About 15% of health websites could read exact keystrokes on login pages, meaning they could collect Social Security numbers, usernames, passwords, email addresses, appointment times, billing information, and medical diagnoses, according to Feroot’s report last year.
Lawsuits rising
A lawsuit against Kaiser Permanente alleged that trackers collected names, internet addresses and search terms and sent them to Alphabet Inc.’s Google, social media company X and Microsoft Corp.’s Bing search engine. Kaiser’s trackers were deployed on password protected pages, allowing tech companies to create more targeted advertisem*nts based on individual users’ behavior, according to the complaint, filed in June 2023 in federal court in the Northern District of California.
Kaiser said that the company conducted an internal investigation and removed the trackers from websites and mobile applications. The company has sought to dismiss the case and declined to comment on the litigation. Microsoft said its policies prohibit the use of medical information in its targeted ads lists.
Google said customers of its measurement tools, like Google Analytics, own the data collected and the company itself does not use the data for the search engine’s own ad targeting. Its policies bar customers from using Google Analytics to collect protected health information and also prohibit advertising based on people’s health or other sensitive information, a Google representative said.
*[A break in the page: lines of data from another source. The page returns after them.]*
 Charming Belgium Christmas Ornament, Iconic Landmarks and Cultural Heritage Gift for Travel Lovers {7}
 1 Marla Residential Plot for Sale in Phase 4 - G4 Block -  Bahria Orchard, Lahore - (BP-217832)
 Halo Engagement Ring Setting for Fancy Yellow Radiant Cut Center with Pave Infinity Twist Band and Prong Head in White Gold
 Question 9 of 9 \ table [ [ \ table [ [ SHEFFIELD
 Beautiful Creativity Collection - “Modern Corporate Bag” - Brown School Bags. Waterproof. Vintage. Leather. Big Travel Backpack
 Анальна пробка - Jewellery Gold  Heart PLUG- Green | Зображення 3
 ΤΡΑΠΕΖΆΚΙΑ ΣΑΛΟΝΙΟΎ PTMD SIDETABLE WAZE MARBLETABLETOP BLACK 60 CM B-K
Another lawsuit against the Blue Cross Blue Shield Association, filed in November in federal court in Illinois, alleged that a website for the federal employees’ health plan sent data to ByteDance Ltd.’s TikTok and other tech companies. The data included users’ searches for topics like mental health or pregnancy, according to the complaint, which noted that TikTok itself is banned on federal government phones over national security concerns.
The association has sought to dismiss the suit and had no comment. A TikTok representative declined to comment on the lawsuit and referred to the company’s policies, which say the pixel should not be installed on websites potentially sharing personal health information.
Some health care companies have removed the trackers from their websites in response to increased pressure, said Ivan Tsarynny, CEO of Feroot. He said he expects more companies to disclose data breaches related to the use of trackers, as Kaiser Permanente did.
It’s not always clear where the data that trackers collect ends up.
“We don’t always know what the purposes for that tracking are,” said Charlotte Tschider, cybersecurity law professor at Loyola University Chicago. “It’s possible that health care organizations don’t exactly know that they are doing what they’re doing.”